Yuri : Ja. Gedurende de jaren ’90 heeft de Revolutie een zeer bijzonder ogenblik beleefd, een zeer moeilijke periode voor de cubaanse economie, zeer moeilijk, een periode van overleven, zeer ingewikkeld. Deze toestand gaf aanleiding tot een reeks maatregelen, tot flexibiliteit, want er was geen alternatief. Vandaag is de toestand anders. Cuba ontwikkeld zich economisch. Het huidige herzieningsproces is belangrijk om veel bestaande afwijkingen recht te zetten, veel moeilijkheden die bestaan. Tijdens het Congres van de Partij zijn deze hervormingen in richtlijnen gegoten, na discussies wijk per wijk, persoon per persoon. Deze wijzigingen in de cubaanse samenleving zijn duidelijk de wil van het volk. Na de raadpleging van de bevolking zijn 70% van de voorstellen aangepast, wij spreken hier echt over de wil van het volk dezer dagen in uitvoering.
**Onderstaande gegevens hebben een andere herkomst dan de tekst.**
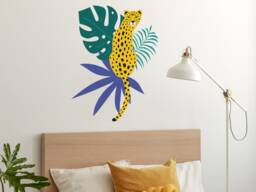 Bright Cheetah & Leaves Wall Sticker Pack, Jungle Stickers, Safari Room Decor - thumbnail 1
Want de onstandigheden zijn nu verschillend, want de ontwikkeling laat het toe, omdat wij de mogelijkheid hebben aldus verder te gaan. Men moest belangrijke maatregelen invoeren, men moest de toestand overschrijden om de verderzetting van de Revolutie te verzekeren. Men moest ook, spijtig genoeg, rekening houden met het feit dat de historische figuren tijdens de komende jaren zullen verdwijnen, daarin moet we objectief en realist zijn.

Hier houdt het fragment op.